Evet belki HDP resmi anlamda yani isim olarak, yeni bir partidir ama HDP'yi doğurganların hiç biri yeni değildir. Bir yerde HDP, yüzyıllık baskıcı Türk devlet sistemi ve Dünya'daki diğer faşist uygulamalar içerisinde her türden zulmü görmüş olan direnişçilerin bir umudu ve bu umudu haykıranların özgürlük senfonisidir, diyebiliriz. İdeolojik ve felsefi anlamda stratejiye bağlı kalanların her biri işte, bu anlamda da kutsaldır; çünkü onlar, çarmıhlarını sırtlarında taşıyanlar olarak söz ve yolun taşıyıcılarıdırlar. 

Yol bir çok dini ve felsefi inanışa da ışık olmuştur.
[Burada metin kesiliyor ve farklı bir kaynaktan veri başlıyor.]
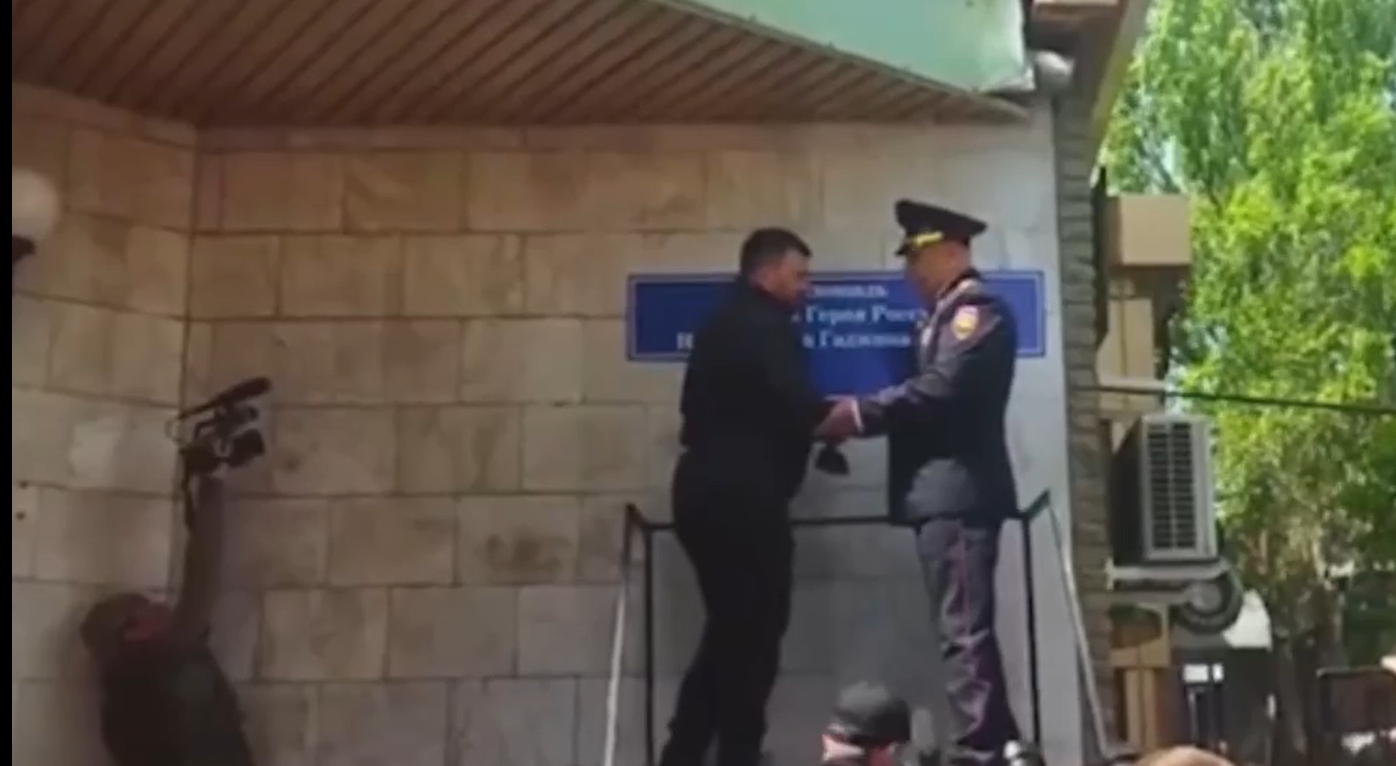 Площадь в Донецке назвали именем Нурмагомеда Гаджимагомедова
Yol, kardeşlikten de öte yoldaşlıktır ve bunun da gerekleri vardır. Alevilikte olan musahiplik, konumuza örnektir; zira yolun yoldaşları, adı ve sanında adalet, eşitlik ve özgürlük olanların harcı olmalı ve onlardan seçilmelidir. Söz strateji iken musahiplik, sözün kutsallığının pratik halidir. hal böyle iken HDP, stratejisine uygun yol-yoldaşlar edinmeli, bünyesindeki sağ-liberal ve sol-sekter, doğmatik ve tasfiyeci kişilikler ile onlara hizmet edenleri bünyesinden söküp atmalıdır. Onlara farklılık olarak bakmak sadece zararlı virüsleri bünyede tutmak, yeri ve zamanı geldiğinde onların harekete geçmelerine olanak sağlamak anlamına gelecektir ki bu kişiliklerin -yerel yönetim ve meclisler gibi- aktif siyaset içerisinde varlığı HDP'ye, ideolojik ve felsefesi katılımların akmasını da engeller nitelikte ve niyetten bağımsız olup, tasfiyeciliğin de ta kendisi olmuş olacaktır.
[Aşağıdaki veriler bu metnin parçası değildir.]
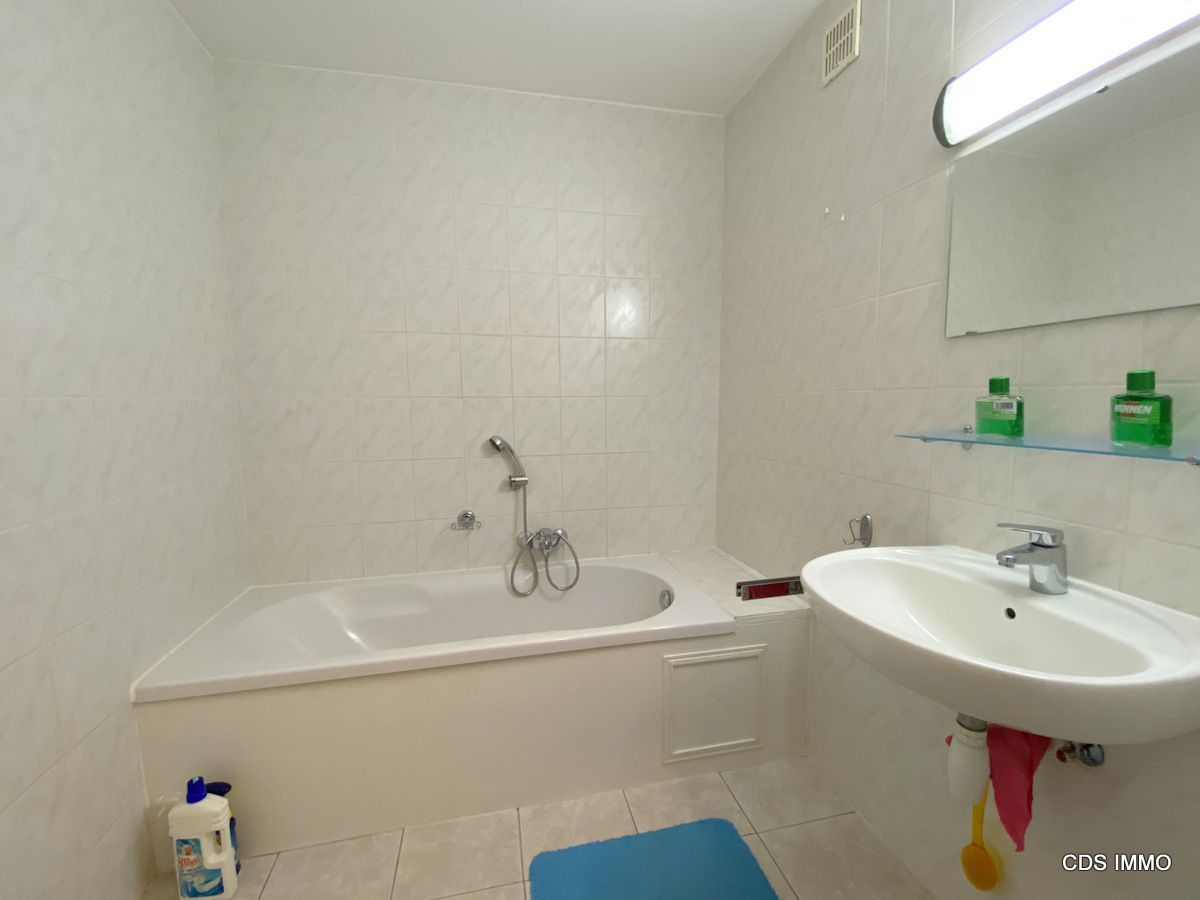 APPARTEMENT TEGENOVER HET SPEELPLEIN ! foto 9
HDP karakteri gereği, her türden inanç ve halkları bağrında taşıyan bir partidir. Her türden derken bunlara, yukarıda kimi örneklerle değinmiştik. HDP, tüm bileşkelerin bileşkesi, tüm hakikatlerin sentezi ve sadece tüm insanlığın değil, bir bütünen doğadaki tüm canlıların yoldaş örgütlenmesidir.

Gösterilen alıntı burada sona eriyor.